Robusta banyak dicari
Menurut Jundullah Abdul Muizz (27), pemilik usaha penyangrai ”Jaya Roaster” di Yogyakarta, permintaan biji kopi asli Nusantara di tempatnya selama ini juga tidak mampu ditandingi kopi impor. Dari total permintaan biji kopi yang ia terima, lebih dari 95 persennya adalah campuran dari biji kopi Nusantara.
Beberapa kopi impor yang dijual Jundi, misalnya kopi Amerika Latin, Etiopia, atau Kenya. ”Kopi dari luar negeri di tempat saya cuma sedikit. Untuk memperkaya stok saja. Permintaannya juga paling sekitar 5 persen,” ujar Jundi, nama panggilannya.
Hampir 80 persen biji kopi yang dijual Jundi berjenis robusta mengingat permintaan kopi jenis ini cenderung tinggi. Biasanya, robusta dijadikan bahan dasar kopi susu atau kopi susu gula aren.
Hampir 80 persen biji kopi yang dijual Jundi berjenis robusta mengingat permintaan kopi jenis ini cenderung tinggi. Biasanya, robusta dijadikan bahan dasar kopi susu atau kopi susu gula aren.
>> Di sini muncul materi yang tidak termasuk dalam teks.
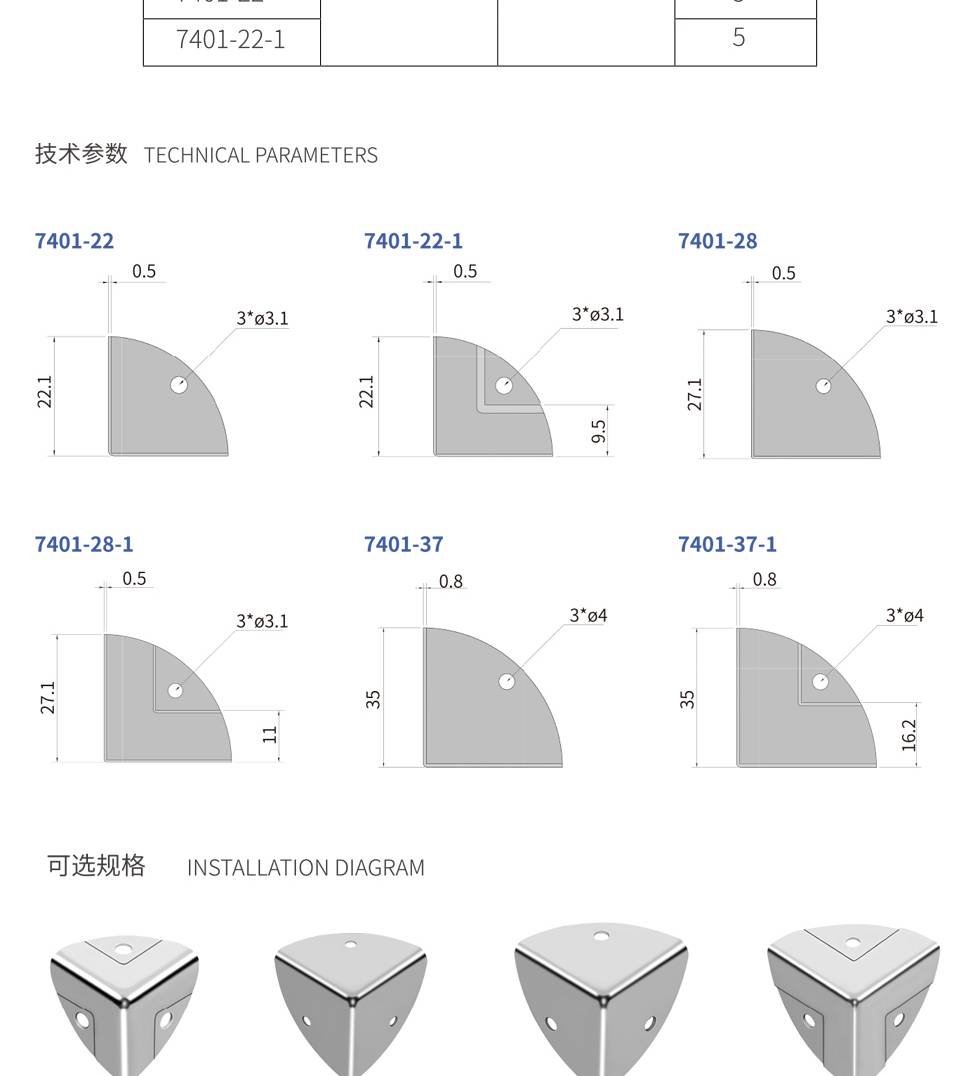 箱包五金护角厂家 平包角 化妆箱收纳箱包角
Sementara itu, meski peminat biji kopi di tempat Jundi menurun pada awal pandemi, kini sudah kembali pulih. Malahan, permintaan biji sekarang melebihi dari hari normal. ”Karena pada awal April-Mei lalu, banyak kedai kopi di Jogja pada tutup. Akhirnya penjualan ikut terdampak,” katanya.
Sebelum pandemi, omzet Jundi mencapai Rp 20 juta per bulan. Sementara pada awal pandemi, omzetnya anjlok hingga tersisa Rp 3 juta sebulan. Kini, omzetnya sudah pulih, bahkan menyentuh Rp 30 juta dalam sebulan.